--- Supplied entries Enclosed Below ---
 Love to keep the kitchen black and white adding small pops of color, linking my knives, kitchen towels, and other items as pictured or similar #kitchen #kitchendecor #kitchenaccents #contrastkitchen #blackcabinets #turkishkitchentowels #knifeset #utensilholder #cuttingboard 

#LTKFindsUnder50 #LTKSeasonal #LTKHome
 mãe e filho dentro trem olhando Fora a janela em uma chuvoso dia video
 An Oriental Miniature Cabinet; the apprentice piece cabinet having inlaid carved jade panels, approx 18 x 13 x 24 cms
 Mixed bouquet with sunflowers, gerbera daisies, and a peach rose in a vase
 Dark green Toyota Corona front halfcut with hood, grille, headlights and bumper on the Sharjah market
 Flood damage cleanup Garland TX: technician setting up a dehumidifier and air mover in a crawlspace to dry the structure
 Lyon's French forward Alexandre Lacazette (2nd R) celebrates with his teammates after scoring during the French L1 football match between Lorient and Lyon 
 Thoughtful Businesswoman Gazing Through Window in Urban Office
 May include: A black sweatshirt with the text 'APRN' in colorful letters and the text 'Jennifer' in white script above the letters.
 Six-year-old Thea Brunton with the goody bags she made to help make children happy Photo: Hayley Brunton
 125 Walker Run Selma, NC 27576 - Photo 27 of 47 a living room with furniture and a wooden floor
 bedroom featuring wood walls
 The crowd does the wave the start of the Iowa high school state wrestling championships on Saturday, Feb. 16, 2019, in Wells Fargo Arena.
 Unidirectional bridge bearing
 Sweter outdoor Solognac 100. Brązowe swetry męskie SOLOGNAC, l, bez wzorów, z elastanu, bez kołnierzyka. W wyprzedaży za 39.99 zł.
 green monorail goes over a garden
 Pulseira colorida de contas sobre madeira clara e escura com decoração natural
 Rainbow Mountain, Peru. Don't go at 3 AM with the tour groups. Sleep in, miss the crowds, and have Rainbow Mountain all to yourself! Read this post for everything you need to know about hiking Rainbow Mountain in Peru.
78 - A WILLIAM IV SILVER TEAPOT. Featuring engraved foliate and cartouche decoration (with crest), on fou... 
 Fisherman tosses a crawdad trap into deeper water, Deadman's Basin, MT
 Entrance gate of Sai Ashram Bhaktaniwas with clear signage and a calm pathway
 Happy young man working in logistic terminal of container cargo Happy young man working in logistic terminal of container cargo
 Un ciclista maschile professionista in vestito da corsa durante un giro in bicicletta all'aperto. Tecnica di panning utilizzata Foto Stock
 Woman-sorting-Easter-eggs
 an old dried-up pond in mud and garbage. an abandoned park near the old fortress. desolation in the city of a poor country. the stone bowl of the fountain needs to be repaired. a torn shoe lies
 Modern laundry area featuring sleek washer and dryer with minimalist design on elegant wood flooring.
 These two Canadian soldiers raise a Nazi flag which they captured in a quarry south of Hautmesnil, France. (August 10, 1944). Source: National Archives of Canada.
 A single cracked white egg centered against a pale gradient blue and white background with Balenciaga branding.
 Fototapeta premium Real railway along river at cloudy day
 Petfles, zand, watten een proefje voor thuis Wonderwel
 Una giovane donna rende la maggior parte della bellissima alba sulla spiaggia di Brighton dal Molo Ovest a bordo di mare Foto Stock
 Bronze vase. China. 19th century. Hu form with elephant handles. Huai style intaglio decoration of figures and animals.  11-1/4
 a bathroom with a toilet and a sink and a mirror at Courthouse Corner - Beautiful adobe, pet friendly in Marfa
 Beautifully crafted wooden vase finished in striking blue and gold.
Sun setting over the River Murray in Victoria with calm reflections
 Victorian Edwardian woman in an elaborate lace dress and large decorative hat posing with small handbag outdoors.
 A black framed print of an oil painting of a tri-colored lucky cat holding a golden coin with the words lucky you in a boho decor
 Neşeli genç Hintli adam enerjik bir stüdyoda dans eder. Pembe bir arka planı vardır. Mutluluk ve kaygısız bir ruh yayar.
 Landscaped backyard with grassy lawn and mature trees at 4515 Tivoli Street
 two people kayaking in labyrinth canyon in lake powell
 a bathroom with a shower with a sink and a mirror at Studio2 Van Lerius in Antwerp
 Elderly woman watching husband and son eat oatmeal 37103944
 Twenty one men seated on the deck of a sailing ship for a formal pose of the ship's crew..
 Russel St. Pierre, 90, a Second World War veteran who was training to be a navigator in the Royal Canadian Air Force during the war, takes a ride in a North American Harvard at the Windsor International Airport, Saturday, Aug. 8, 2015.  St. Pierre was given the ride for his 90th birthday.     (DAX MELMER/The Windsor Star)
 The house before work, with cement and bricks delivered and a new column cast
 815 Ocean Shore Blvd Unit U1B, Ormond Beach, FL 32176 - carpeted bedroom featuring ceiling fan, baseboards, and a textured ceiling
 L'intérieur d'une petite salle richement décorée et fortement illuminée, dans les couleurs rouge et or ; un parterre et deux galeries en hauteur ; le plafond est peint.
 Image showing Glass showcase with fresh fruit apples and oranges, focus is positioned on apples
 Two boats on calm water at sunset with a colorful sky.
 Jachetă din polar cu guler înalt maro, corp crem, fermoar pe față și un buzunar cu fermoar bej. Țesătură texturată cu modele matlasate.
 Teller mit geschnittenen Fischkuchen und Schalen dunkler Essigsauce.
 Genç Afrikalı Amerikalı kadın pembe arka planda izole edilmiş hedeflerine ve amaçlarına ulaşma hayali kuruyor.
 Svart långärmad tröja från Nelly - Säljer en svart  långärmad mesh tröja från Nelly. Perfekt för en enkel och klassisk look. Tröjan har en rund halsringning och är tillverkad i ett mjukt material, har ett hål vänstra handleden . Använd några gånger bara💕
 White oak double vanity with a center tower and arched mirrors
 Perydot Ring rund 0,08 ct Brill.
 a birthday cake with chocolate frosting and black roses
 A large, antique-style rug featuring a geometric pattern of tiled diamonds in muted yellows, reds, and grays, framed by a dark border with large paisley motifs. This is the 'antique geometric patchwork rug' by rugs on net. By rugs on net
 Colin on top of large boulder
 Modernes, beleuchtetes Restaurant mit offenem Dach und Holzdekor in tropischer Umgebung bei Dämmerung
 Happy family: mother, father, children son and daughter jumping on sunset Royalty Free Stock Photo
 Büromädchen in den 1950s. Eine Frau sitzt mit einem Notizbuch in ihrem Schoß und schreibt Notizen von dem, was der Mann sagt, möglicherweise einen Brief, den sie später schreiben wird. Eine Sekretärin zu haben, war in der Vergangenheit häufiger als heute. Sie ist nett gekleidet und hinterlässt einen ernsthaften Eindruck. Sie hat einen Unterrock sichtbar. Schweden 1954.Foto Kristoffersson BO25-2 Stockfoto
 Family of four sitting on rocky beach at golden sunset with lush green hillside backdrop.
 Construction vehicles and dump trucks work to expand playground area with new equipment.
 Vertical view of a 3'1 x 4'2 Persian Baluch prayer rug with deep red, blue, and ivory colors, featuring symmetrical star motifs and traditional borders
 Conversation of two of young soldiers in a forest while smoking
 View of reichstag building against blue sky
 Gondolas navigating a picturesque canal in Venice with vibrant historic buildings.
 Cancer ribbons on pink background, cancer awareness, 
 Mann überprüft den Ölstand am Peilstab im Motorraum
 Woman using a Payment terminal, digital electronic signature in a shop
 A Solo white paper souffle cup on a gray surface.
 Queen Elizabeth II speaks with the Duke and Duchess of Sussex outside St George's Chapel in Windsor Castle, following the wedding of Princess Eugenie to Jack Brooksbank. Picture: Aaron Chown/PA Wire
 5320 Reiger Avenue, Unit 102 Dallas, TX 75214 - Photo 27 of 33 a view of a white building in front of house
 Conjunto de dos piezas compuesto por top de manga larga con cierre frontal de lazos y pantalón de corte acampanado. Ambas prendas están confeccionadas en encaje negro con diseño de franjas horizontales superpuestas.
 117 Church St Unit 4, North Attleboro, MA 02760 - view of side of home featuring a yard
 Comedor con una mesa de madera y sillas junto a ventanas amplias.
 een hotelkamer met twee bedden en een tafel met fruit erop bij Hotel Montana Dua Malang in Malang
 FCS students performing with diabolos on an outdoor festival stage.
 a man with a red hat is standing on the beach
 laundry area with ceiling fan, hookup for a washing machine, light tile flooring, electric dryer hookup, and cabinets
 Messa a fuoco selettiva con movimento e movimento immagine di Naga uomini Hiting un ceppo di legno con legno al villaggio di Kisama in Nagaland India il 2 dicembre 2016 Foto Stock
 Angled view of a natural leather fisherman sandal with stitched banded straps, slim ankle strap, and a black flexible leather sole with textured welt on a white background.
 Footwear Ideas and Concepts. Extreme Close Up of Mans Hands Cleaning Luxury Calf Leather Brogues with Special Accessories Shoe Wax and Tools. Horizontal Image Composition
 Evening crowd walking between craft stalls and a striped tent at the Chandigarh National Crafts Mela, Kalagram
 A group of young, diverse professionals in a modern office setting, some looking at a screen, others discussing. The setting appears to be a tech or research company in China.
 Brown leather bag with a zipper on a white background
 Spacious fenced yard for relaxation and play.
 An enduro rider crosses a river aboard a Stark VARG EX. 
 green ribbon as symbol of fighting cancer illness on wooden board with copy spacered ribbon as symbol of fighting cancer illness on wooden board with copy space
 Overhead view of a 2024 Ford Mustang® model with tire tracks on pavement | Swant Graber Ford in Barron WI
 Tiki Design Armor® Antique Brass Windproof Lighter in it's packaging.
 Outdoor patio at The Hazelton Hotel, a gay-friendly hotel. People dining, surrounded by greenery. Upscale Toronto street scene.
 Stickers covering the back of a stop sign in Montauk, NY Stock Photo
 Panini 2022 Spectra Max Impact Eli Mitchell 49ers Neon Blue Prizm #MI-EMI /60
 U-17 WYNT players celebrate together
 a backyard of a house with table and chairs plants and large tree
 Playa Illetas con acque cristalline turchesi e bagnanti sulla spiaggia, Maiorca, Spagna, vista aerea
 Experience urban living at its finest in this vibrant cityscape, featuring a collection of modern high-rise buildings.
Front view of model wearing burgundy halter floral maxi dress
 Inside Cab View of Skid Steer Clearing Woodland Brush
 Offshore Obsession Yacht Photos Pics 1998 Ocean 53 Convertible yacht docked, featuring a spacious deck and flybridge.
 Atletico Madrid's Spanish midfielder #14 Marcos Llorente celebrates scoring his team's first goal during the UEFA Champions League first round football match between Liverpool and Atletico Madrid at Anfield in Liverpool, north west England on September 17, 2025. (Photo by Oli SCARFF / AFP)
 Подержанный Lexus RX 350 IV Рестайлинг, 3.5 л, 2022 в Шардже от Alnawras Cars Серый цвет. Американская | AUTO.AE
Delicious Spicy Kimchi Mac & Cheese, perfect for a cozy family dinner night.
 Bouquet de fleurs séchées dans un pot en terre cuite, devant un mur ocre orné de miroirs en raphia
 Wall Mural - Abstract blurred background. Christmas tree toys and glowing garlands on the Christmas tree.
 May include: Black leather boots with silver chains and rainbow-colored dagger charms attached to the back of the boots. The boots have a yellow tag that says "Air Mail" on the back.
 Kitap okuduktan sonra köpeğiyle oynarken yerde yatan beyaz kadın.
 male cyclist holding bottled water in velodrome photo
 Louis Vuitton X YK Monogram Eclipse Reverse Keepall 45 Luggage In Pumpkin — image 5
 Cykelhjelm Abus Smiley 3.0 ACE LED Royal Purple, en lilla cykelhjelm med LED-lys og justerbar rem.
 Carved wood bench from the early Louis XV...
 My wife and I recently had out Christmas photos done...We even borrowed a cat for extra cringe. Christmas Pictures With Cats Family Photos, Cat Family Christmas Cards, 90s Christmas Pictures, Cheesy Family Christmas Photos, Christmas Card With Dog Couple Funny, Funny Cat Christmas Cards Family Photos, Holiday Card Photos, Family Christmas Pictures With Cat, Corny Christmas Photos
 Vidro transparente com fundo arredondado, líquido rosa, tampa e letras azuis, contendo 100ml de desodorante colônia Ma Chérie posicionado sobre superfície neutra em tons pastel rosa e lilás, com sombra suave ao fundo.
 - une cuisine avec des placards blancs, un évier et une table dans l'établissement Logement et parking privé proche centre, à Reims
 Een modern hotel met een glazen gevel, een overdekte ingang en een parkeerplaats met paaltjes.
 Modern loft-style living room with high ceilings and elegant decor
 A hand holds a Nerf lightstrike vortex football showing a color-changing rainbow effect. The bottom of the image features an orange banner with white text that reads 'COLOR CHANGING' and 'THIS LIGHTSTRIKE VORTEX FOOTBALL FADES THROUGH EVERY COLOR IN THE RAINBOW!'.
--- End of Enclosed Supplied entries ---
### What to work on:
Write down exactly every line of the material above up to and including the line containing "mãe e filho".

### Task result:
 Love to keep the kitchen black and white adding small pops of color, linking my knives, kitchen towels, and other items as pictured or similar #kitchen #kitchendecor #kitchenaccents #contrastkitchen #blackcabinets #turkishkitchentowels #knifeset #utensilholder #cuttingboard 

#LTKFindsUnder50 #LTKSeasonal #LTKHome
 mãe e filho dentro trem olhando Fora a janela em uma chuvoso dia video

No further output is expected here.